Manual mode power ratio: 1/256 - 1/1 (1/3-step increments)
Mode: Auto, Manual, SD, SF, Wireless with A, B, C & channel selection (2.4Ghz Nissin Air system & optical) (*4)
Dimensions: 112 (H) x 73 (W) x 98mm (D) / 4.4 (H) x 2.9 (W) x 3.6” (D)
Weight: 300g/ 10.8oz (excluding batteries and soft box)
Distributed by/Order From/More Info:
www.neidllc.com (order from authorized resellers)
How much is it?
I originally reviewed the Nissin MF18 digital ring flash several years back, for Shutterbug Magazine. I loved the flash back then, but, since I already had a ring flash that worked wirelessly with my Nikon D300, which at the time I’d paired with a 60mm Micro Nikkor, I had all the macro TTL flash lighting I needed.

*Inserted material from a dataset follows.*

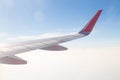 Wing of an airplane flying above the blue sky and clouds Royalty Free Stock Photo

Fast forward to today. We’ll skip past the phase where I was using the Nikon D610 also for TTL wireless macro flash photography and jump to the Nikon D500. But perhaps I should clarify. With the introduction of the D300, Nikon introduced CLS (Creative Lighting System), which involved TTL wireless triggering of off-camera flashes. The beautiful part of the system was that the camera’s built-in flash could be used as the trigger, or transmitter, without contributing to the flash exposure. But that worked great when the camera came with a built-in flash.
The D500 “D”-lemma
Now, with the D500 in hand, I suddenly found myself without a pop-up flash that I could use to wirelessly trigger that remote flash. Hence no CLS, leaving my wireless ring flash orphaned.
Yes, I could use one of my existing Nikon flashes as the transmitter but that would be more of a nuisance. And buying the Nikon SU-800 Wireless Speedlight Commander wireless IR transmitter, which costs more than some shoe-mounts and slightly less than my wireless ring flash by itself, would be a pricey option. Not to mention, it would be one more thing that requires a battery and which could easily get misplaced or lost in a tiny nook or cranny.
What’s more, as is, I always found wireless shooting with the built-in flash somewhat precarious. You see, I like to wear hats, and my hats would always push down on the pop-up flash. The upshot of this was: the wireless flash would fail to be triggered. So, even though I liked not having cables that sometimes get in the way, having a flash that I could depend on to fire 100% of the time, what’s more, without worrying about moving the brim of my hat out of the way was more important. What’s the wireless ring flash I’m referring to? The Metz Mecablitz 15 MS-1.
So, when you do the math, it made good sense to switch to the Nissin MF18. (You can get all the particulars about the Nissin macro flash in my Shutterbug review and tips about using a ringlight in those other Shutterbug articles listed below).
Since the MF18 comes with a variety of ring adapters to fit all popular lens filter sizes, there was little doubt I’d find the right adapter for the Tamron 90mm I was now using. You just have to make sure to bring it with you, and the way I usually do that is either by first attaching it to the flash ring housing before leaving home, or to the lens itself. The only problem with attaching to the lens is that it may block reverse-mounting of the lens hood. In fact, once you attach the ring to the lens, there’s no room for a lens shade any way you slice it.
One of the unusual aspects to the MF18 ring is that it elongates to sort of an oval shape. The original design was to accommodate larger-diameter lenses, but I use it with larger subjects, so the light fully wraps around them.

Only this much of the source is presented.